Work required:
Your answer should hold exactly the lines below from the line with "For Samsung Galaxy" through the line with "24年最火项目，卖gpt教程月入过万，操作简单-网赚资源网", both included, and no pictures at all.

Source records:
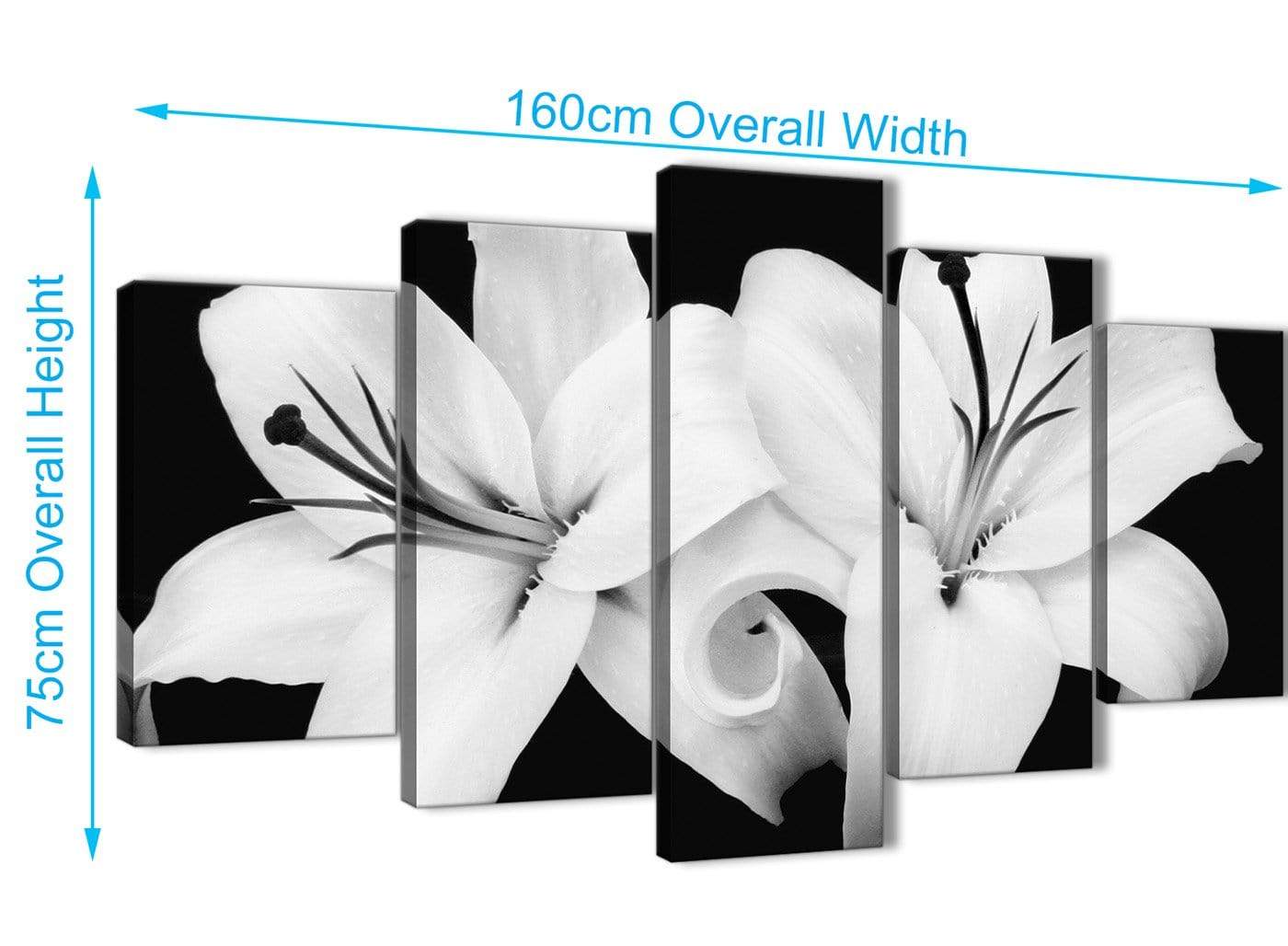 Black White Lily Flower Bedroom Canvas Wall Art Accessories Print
...
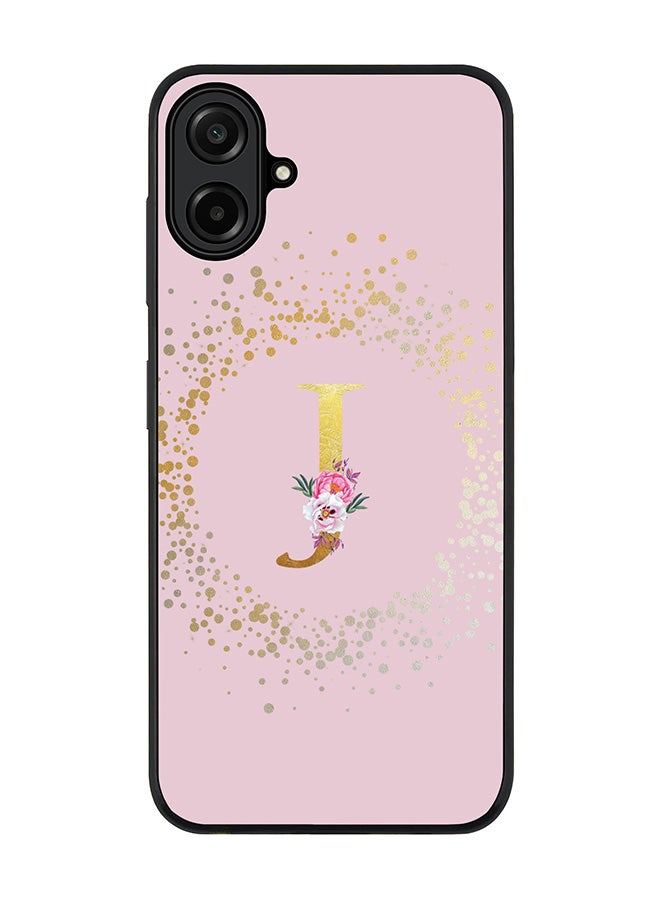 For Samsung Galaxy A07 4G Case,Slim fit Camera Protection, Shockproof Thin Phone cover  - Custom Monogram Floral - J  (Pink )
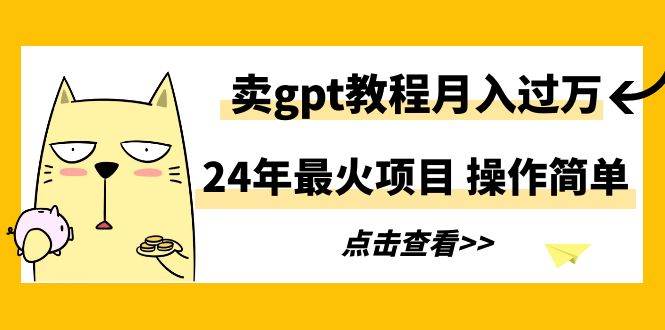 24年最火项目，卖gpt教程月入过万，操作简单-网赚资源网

Response to this exercise:
 For Samsung Galaxy A07 4G Case,Slim fit Camera Protection, Shockproof Thin Phone cover  - Custom Monogram Floral - J  (Pink )
 24年最火项目，卖gpt教程月入过万，操作简单-网赚资源网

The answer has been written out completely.